Wen Huyi 문호일 文虎一

Personal information
- Full name: Wen Huyi
- Date of birth: 11 May 1983 (age 43)
- Place of birth: Yanbian, Jilin, China
- Height: 1.75 m (5 ft 9 in)
- Positions: Striker; midfielder;

Youth career
- 1999–2000: Jilin Aodong

Senior career*
- Years: Team / Apps / (Gls)
- 2001–2006: Yanbian FC
- 2007–2010: Changsha Ginde / 106 / (17)
- 2011: Shanghai Shenhua / 21 / (0)
- 2012–2014: Shenyang Shenbei / 67 / (1)
- 2015: Yanbian Changbaishan / 0 / (0)

Managerial career
- 2021: Shanghai Shenhua (assistant)
- 2023–2025: Shandong Taishan (fitness)

= Wen Huyi =

Chinese footballer

Wen Huyi (born May 11, 1983) is a Chinese football coach and former footballer as a striker or midfielder.

==Club career==

===Yanbian FC===
Wen Huyi began his football career playing for the Yanbian FC youth team where he graduated to their senior team in the 2001 league season, however this was also the same season which saw Yanbian FC relegated to the third tier. Wen Huyi was one of several youth players who were immediately given their chance of first team football and they would eventually repay the club when they won promotion to the second tier in the 2004 league season. Despite having a personally poor season with the club he was able to help establish the team to a mid-table finish within the second tier, however Wen Huyi started to personally establish himself as the team's top striker during the 2006 league season when he scored twelve league goals and became the league's second top goalscorer.

===Changsha Ginde===
After an impressive season for Yanbian FC top tier side Changsha Ginde purchased him for 3.5 million yuan in the 2007 league season. Adjusting to the top tier Wen Huyi wasn't able to replicate his goalscoring success and this saw him often finding himself playing in midfield during the season.

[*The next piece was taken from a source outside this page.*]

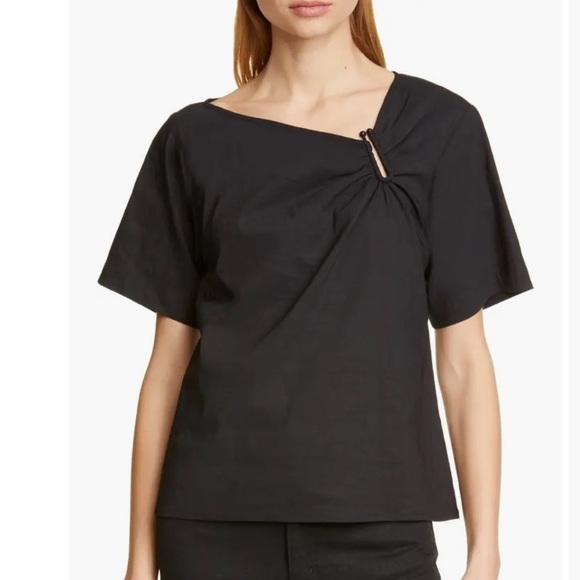 A.L.C. Black “Abbey” Ruched Front Short Sleeve Top Size 4 Excellent Condition! - Picture 3 of 10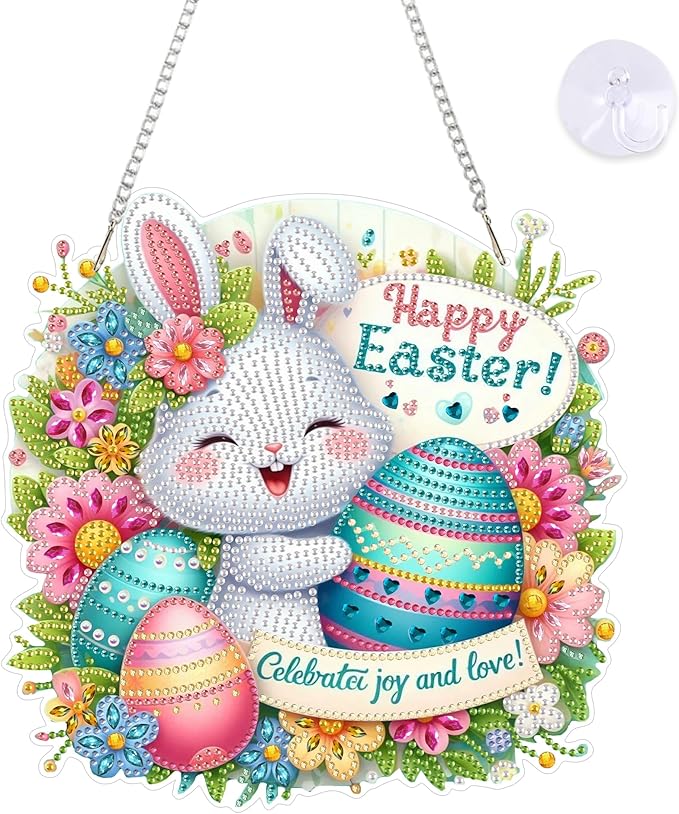 Yunzlly DIY Hanging Easter Diamond Art Pendant Kit, Special Crystal Double Sided Diamonds Painting Ornament Kit for Adults, Acrylic Gem Painting Board for Window&Door&Wall (Happy Bunny)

Despite rarely playing in his favoured position as a striker Wen Huyi would settle within the team's midfield as an attacking midfielder for the next several seasons, however during his time with the team the club were consistent relegation strugglers and were eventually relegated at the end of the 2010 Chinese Super League campaign.

===Shanghai Shenhua===
Wen Huyi's contract would expire at the end of the 2010 league season and Changsha Ginde would allow him to leave for free to Shanghai Shenhua. On March 2, 2011 he would make his debut in a 2011 AFC Champions League game against Kashima Antlers in a 0-0 draw where he came on as a late substitute. Throughout much of the early parts of the season Wen was predominately used as a late substitute and on the rare occasions he did start he was used as an emergency full-back, such as in the 2-1 victory over Henan Construction on April 23, 2011. His limited playing time would not improve as Shenhua struggled within the league and the manager Xi Zhikang was replaced by Dražen Besek half way through the season. By the end of the season Wen was allowed to leave on a free transfer to second tier club Shenyang Shenbei F.C. after his disappointing spell at Shenhua and chance to move to a place closer back home.